Qu’il semble loin le temps où Stokomani ne possédait qu’une enseigne, rue Jean-Jaurès, à Creil. Désormais, la société spécialisée dans le déstockage est présente sur tout le territoire avec 70 magasins, dont trois dans l’Oise (à Beauvais, Nogent et Saint-Maximin). Une expansion fulgurante qui n’est pas près de s’arrêter : l’enseigne vient d’annoncer la reprise de cinq fonds de commerce de Mac Dan, un acteur majeur du discount dans le sud-est de la France. Alors que la plupart des entreprises historiques du Bassin creillois ont mis la clé sous la porte, Stokomani continue d’embaucher. La direction estime à une trentaine le nombre de création d’emplois (vendeurs, caissiers, magasiniers…) pour l’année à venir dans l’Oise*.

« Après avoir eu connaissance du processus de vente à Noël, je suis rentrée de vacances pour rencontrer le directeur de Mac Dan, sourit Delphine Mathez, présidente de Stokomani. Pour nous implanter, il nous faut des surfaces entre 2 000 et 2 500 m2, il n’y en a pas tant que ça. Ce qui nous a obligés à nous positionner rapidement. » La vente désormais actée, la prochaine étape consiste à préparer les nouveaux magasins, qui passeront sous pavillon Stokomani, mais aussi à former la cinquantaine d’employés qui va rejoindre les rangs de la société.

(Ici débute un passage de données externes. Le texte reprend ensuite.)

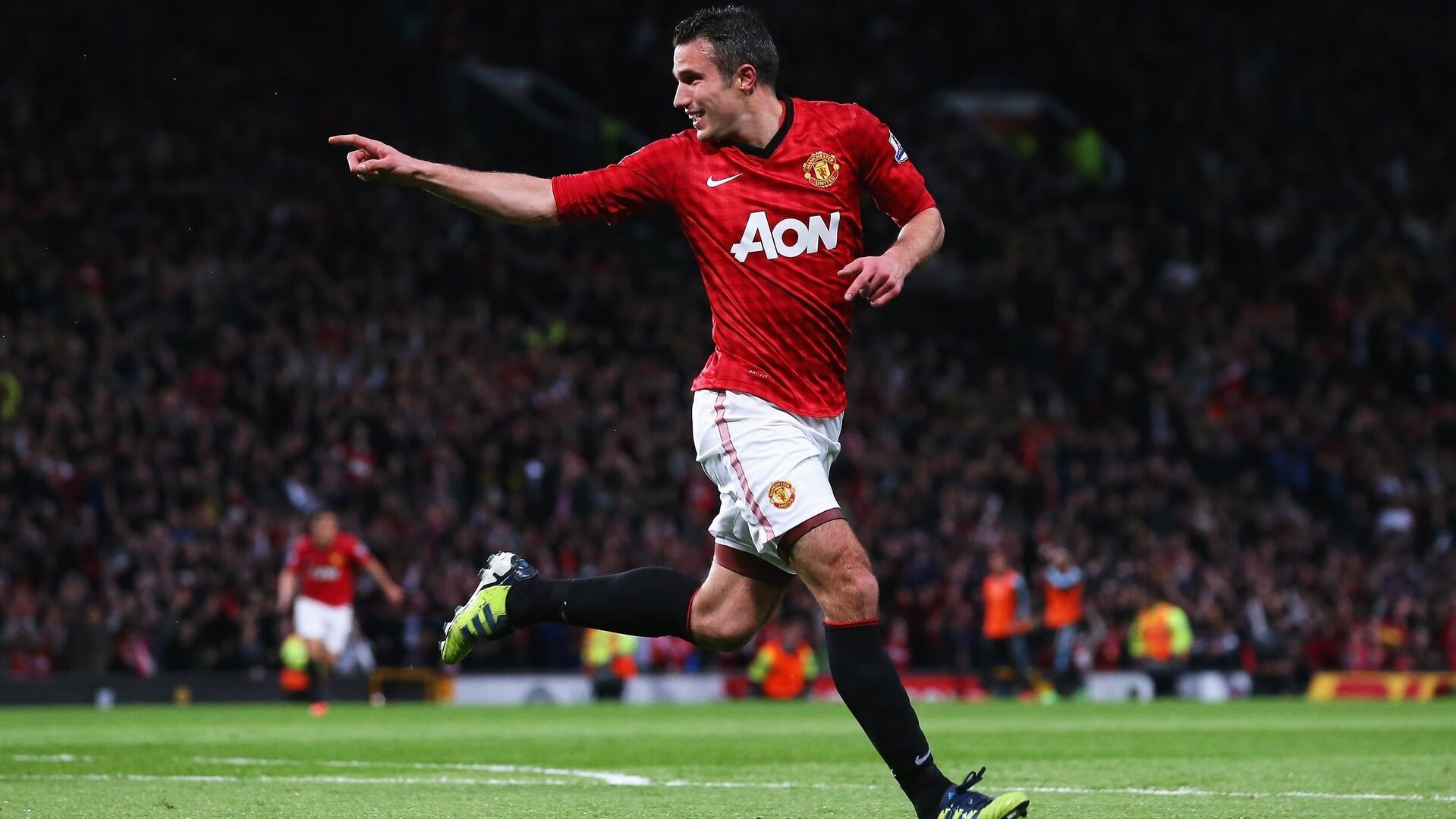 德甲球队在高强度对抗下体能衰减与技术失误关系研究，德甲身体对抗强吗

« Nous reprenons l’intégralité des salariés de Mac Dan qui pourront, si besoin, profiter de notre réseau pour être recrutés dans un autre de nos magasins », rassure la présidente.

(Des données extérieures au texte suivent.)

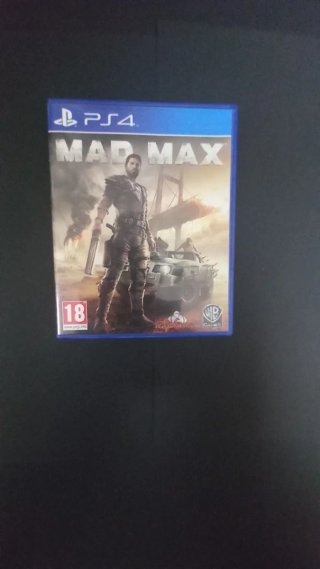 Lotto giochi PS4 da 3 giochi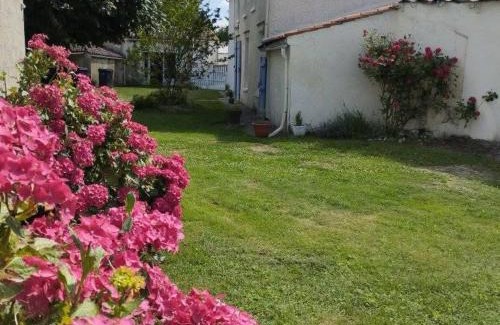 Gemozac House | maison de vacances de 16 a 22 personnes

Ce rachat va également avoir des conséquences dans l’Oise. Notamment sur la surface logistique de Longueil-Sainte-Marie. « Il y aura un surplus d’activité à prévoir, précise Delphine Mathez. De toute manière, nous accroissons notre capacité logistique de façon régulière. »

Pour la présidente, « ce rachat colle parfaitement à notre projet de croissance ambitieux » Et c’est le moins que l’on puisse dire. En 10 ans, la société creilloise est passée de 520 à 2 180 employés (300 dans le département) et de 119 à 390 M€ de chiffre d’affaires. Le secret de Stokomani ? « Mon prédécesseur, Jean-Jacques Nimani, a transformé une entreprise en concept, tout le mérite lui revient », assure-t-elle. Outre les magasins Mac Dan, Stokomani va ouvrir dix autres magasins d’ici la fin de l’année, comme à Amiens ou encore à Lens. Le tout en restant fidèle à l’Oise. « Nous en sommes très fiers. Ce département nous a vus naître, nous y sommes très attachés. »

*Les offres d’emploi sont à consulter sur le site http://www.stokomani.fr/leparisien.fr

L’incroyable success story d’une entreprise familiale

La saga commence avec Maurice Namani, le fondateur. Originaire d’un petit village corse, Asco, il quitte l’Ile de Beauté pour Paris et le quartier du Sentier, où il ouvrira « Les soldes de Namani » en 1961. Dix ans plus tard, il installe son premier magasin à Creil, sur la rue Jean-Jaurès. C’est son fils, Elie Namani, qui prendra la suite et donnera à la société le nom de Stokomani. La société connaît alors une expansion qui ne se démentira pas. Un autre fils Namani, Jean-Jacques, qui a depuis pris la tête de Stokomani, cède la présidence en 2016, à Delphine Mathez, tout en restant actionnaire. Les dix dernières années, le chiffre d’affaires a été quasiment multiplié par quatre, tout comme le nombre d’employés.